Axel (14:19): That's awesome. That's good to hear. Are there any specific pieces of advice or interesting learnings that you've found in going through this journey where you would like to pass on to either earlier stage teams that are just starting to think about this, or even bigger companies where they're actually shifting more towards this continuous type of research?
Ray (14:38): Yeah, I couldn't decide between two, so I'm going to cheekily give you two advice. If you are ever joining a startup or a smaller-scale company, like I have, I would say persevere improving the value of the research, because it will pay off. You may be lucky like me, that I've joined a customer-centric company, but that's not always going to be the case. So, sometimes you just need to be quite creative in getting the research as part of your process, whether that's asking friends and family, your internal team, emailing customers directly, giving them incentives. If you don't have the time or budget, sometimes you just need to be creative in getting that in. I try to not let, "We don't have enough money," stop me from doing research.
And the second advice I'd give is to do a triangulation of research. So, making sure you just don't get it from one source, make sure it's from a couple of sources, like data insights, user testing, user research, competitor or any other secondary research that you come across, just to ensure that you don't have any biases. Because sometimes what you look for in your research can be something you just want to prove or disprove yourself, but may not actually be the case. So, I definitely recommend doing more than one form of research, and it doesn't have to be speaking to customers directly, but just making sure it's validated in other touchpoints.
Axel (16:02): Super interesting. You touched on this bit at the start of the call I think, but are there specific methodologies where, when you do this triangulation, that you seem to over-index on or rely on the most? Is it user interviews, is it survey data?

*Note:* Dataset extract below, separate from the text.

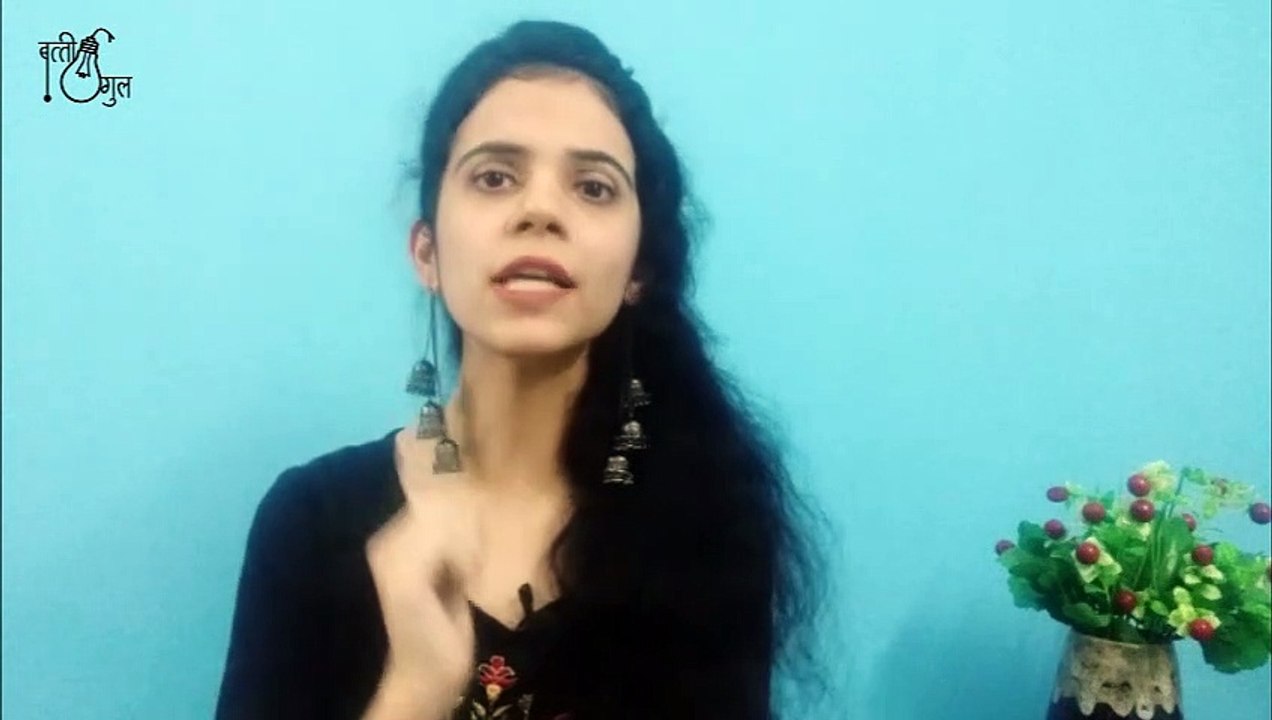 मां दुर्गा की पूजा लेकिन घर की लक्ष्मी से ही दु...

I think you mentioned some reviews as well.
Ray (16:17): Yeah, often actually it leads with data, because this is the majority. So, if something comes through in the data, then we are really quick to jump on it, and if we don't understand what the data's suggesting, sometimes they can track behavior but not the sentiment, and that's when we conduct those interviews to understand why they're doing these behaviors. So yeah, we try to make sure that we have both, because sometimes you lack confidence in just the data alone.

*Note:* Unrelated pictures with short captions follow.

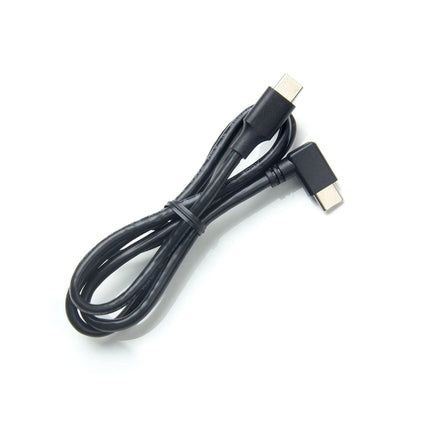 Viofo USB-C-Stromkabel 0,6 Meter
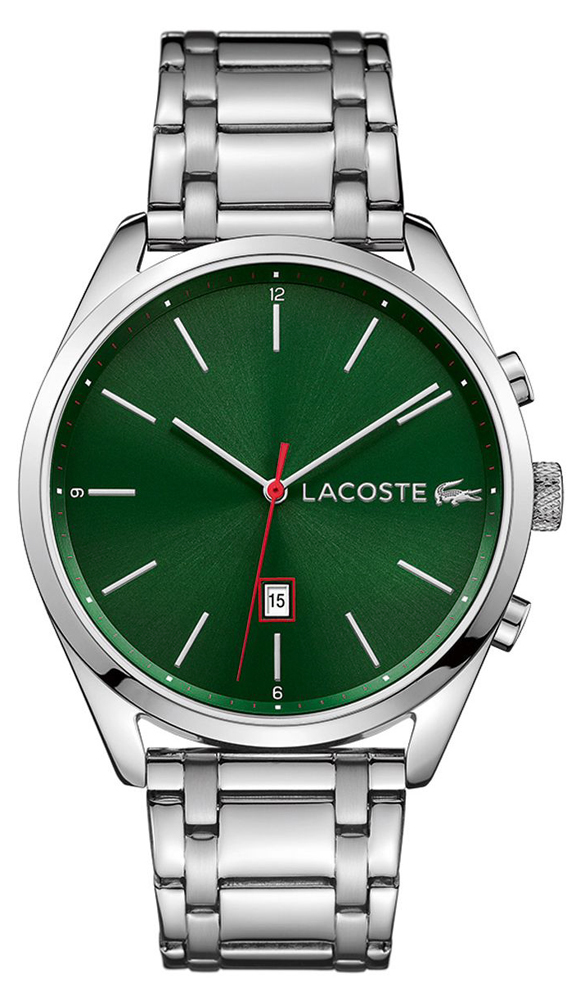 Lacoste 2010961
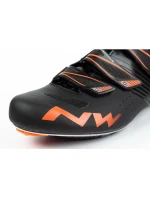 Pánská cyklistická obuv Northwave Torpedo 3S M 80141004 06 Pánská cyklistická obuv Northwave Torpedo 3S M 80141004 06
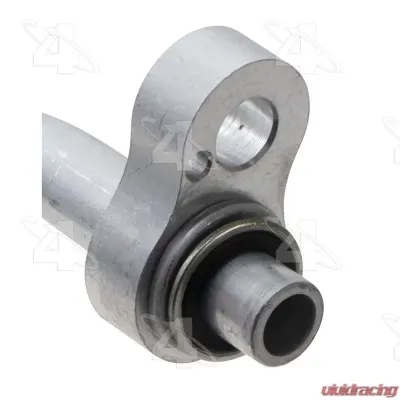 Four Seasons Discharge & Suction Line Hose Assembly - 66739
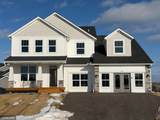 6102 Radford Avenue - Photo 1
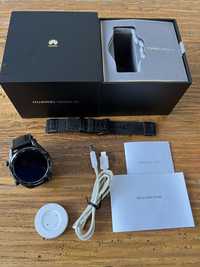 Smartwatch Huawei Watch GT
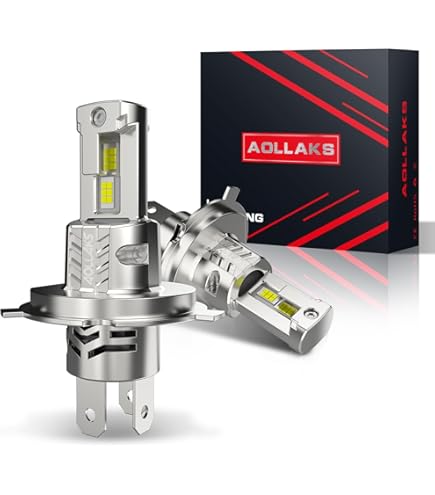 Amazon.com: PU Headlight Bulb for Suzuki GSXR Hayabusa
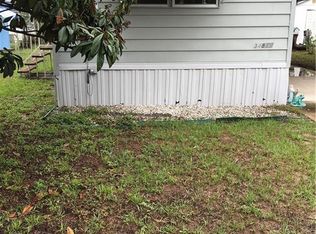 34877 Major Dade Dr, Dade City, FL 33523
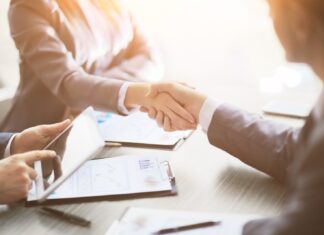 Brand Partners es la nueva agencia de prensa de CAT Technologies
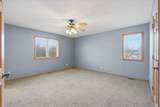 W2877 776th Avenue - Photo 8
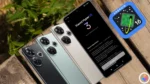 poco f6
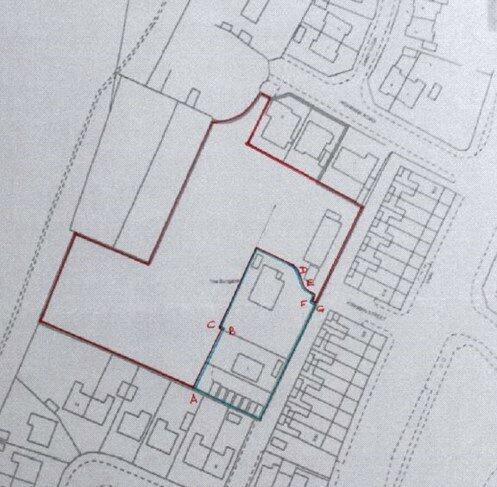 Additional image 15 of Kirkman Street, Bury, Greater Manchester, BL9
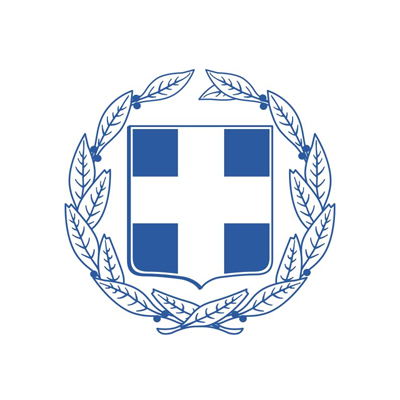 logo.jpg
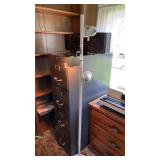 Standing Floor Lamp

Axel (16:50): Yeah, absolutely. Finally, looking ahead, are there specific challenges or things that you're thinking about in terms of how do you continue to step up your research practice and the testing that you're doing?
Ray (17:02): I think one of the challenges I'm facing right now, and the digital product director is also in agreement with me, is having a dedicated research team. We do do it ourselves, but sometimes we don't have the time to do them properly, so we do it to our needs and what we need it for to get us moving quickly and understanding the space, but I feel like a dedicated research team can help dig in a bit deeper into the problems we're only touching at a surface level.
Axel (17:35): Yeah, absolutely. I think that tension or coworking between actual trend researchers, where often they have to go more in depth and do the really complicated stuff, and obviously being small and scrappy can often be quite an interesting challenge. So, definitely hear you on that. That's interesting.
Ray (17:51): Yeah.
Axel (17:52): Awesome. Well, thank you so much for joining us and just sharing your experience. Really interesting to hear about how you guys have it set up at Butternut Box, and thank you for sharing your thoughts and experience.
Ray (18:01): No worries. Thank you so much. It's been fun.